Raat Rani or Night Blooming Jasmine : Blooms at night and have strong pleasant fragrance
The night-blooming jasmine or Raat Rani is a small shrub that produces small tubular flowers filling the night air with a wonderful fragrance of jasmine. At maturity, the plant is a moderately fast grower, reaching 8 to 10 feet tall and 3 feet wide.
Quick Details of Raat rani
|Other Common Names
|Night Blooming Jessamine, Night-Blooming Jasmine, Night-Blooming cestrum, Raat Rani, Night Queen, Lady of the Night, Queen of the Night, Harshringar, Parijatak, Parijat
|Flowering outdoor ornamental plant.
|Around the year
|Bright direct light
|Can not survive in very hot conditions.
|Any well-drained potting soil
|Any house plant fertilizer. Compost is best for Raat Rani Plant
|Aphids, white spots, black spots
Raat rani Buying Instructions
- Buy bushy plant with lots of leaves
- Do not transplant the plant after bringing home. Keep the plant as it is in semi shaded area for 8-10 days.
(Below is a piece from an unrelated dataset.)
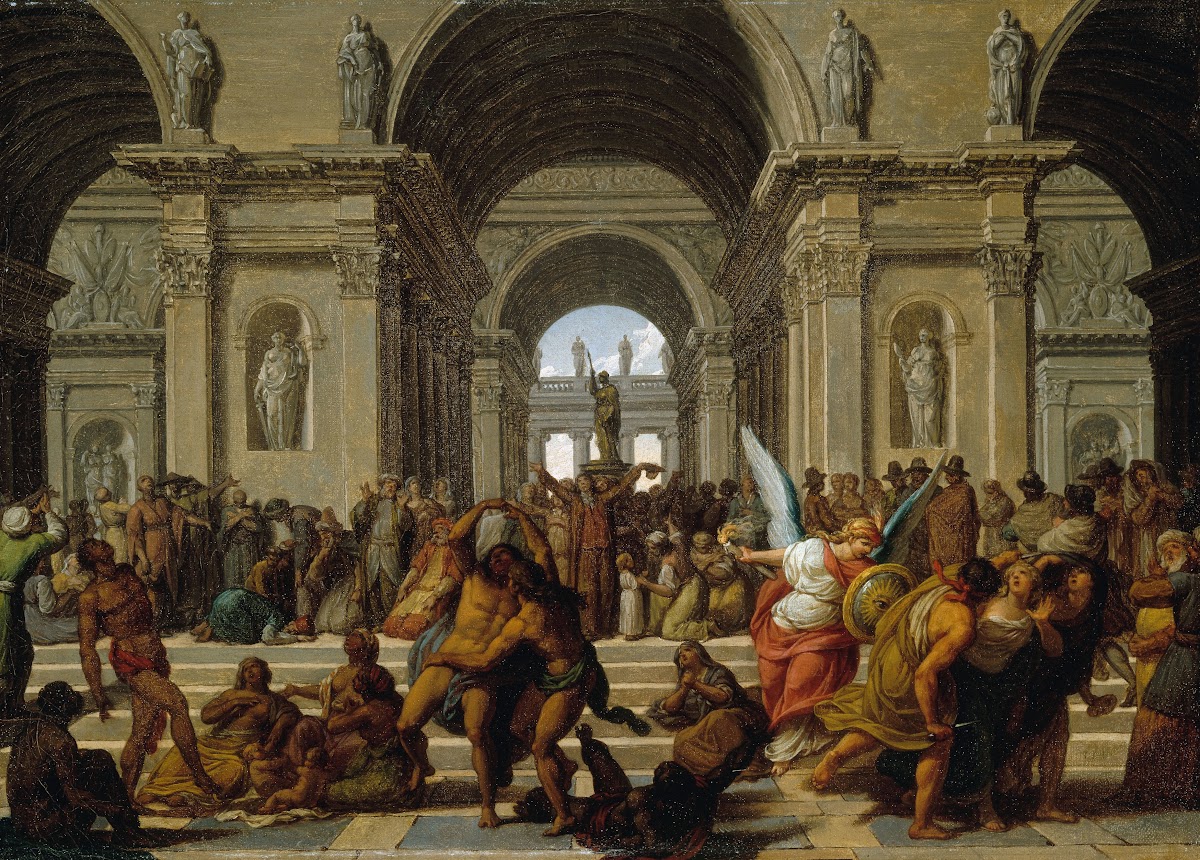 Allégorie  Les peuples du monde rendant hommage à lÊtre suprême 1794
- Stem should be woody and strong
- Buy only if you have possibility of full sunlight for at least 2-3 hours.
Overview of Raat rani
Cestrum nocturnum is a woody, evergreen shrub belonging to the family of Solanaceae. They grow to 4 m (13 ft) tall. The leaves are simple, narrow lanceolate, 6–20 cm long, and 2–4.5 cm wide, smooth and glossy, with an entire margin. The flowers are greenish-white, with a slender tubular corolla 2–2,5 cm (0.79–0.98 in) long with five acute lobes, and are produced in cymose inflorescence. The flowers release a scent at night. The fruit is a 10 mm (0.39 in) long berry with a diameter of 5 mm (0.20 in) Marfil white.
The flowers usually bloom at night releasing a strong pleasant fragrance.
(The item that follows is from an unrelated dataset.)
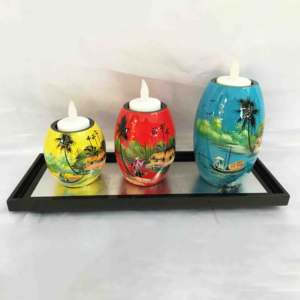 เทียนเคลือบแล็คเกอร์ขาตั้งเทียนสำหรับงานแต่งงาน - Product Image 4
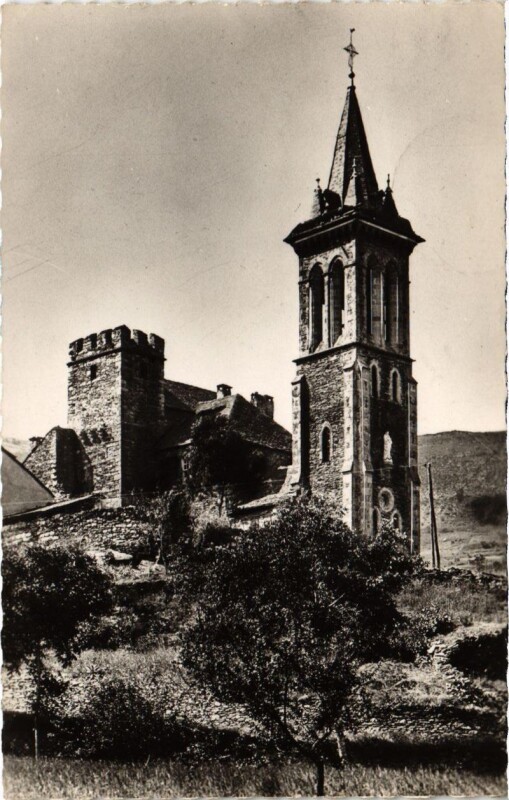 Carte postale ancienne Env. de Cocures - Eglise romane de Bedoues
Usage and Advantage of Raat rani
- It is used as an ornamental plant.
- It is noted for the fragrance the flower releases during the night.
- The plant is also said to be used in herbal medicine to cure several diseases.
- It is said to cure several digestives, urinary, and other gastrointestinal system-related diseases because of its antibacterial, antifungal, antidiabetic, and analgesic properties.
- The extracts of the plant are used for healing the wounds, inhibition of malignant growth and tumors
General Care for Raat rani
Soil: Night-blooming jasmine grows best in well-drenched, sandy soil, preferably somewhere with plenty of space to spread its roots. The plants grown in containers require re-rooting after every 2 to 3 years.
Watering: A deep watering once a week is enough for raat rani. Make sure that the soil is dry and there is no waterlogged in the soil. A soggy or presence of excess salt can be harmful to the plant. During summers, when the soil tends to dry up, the plant should be regularly watered.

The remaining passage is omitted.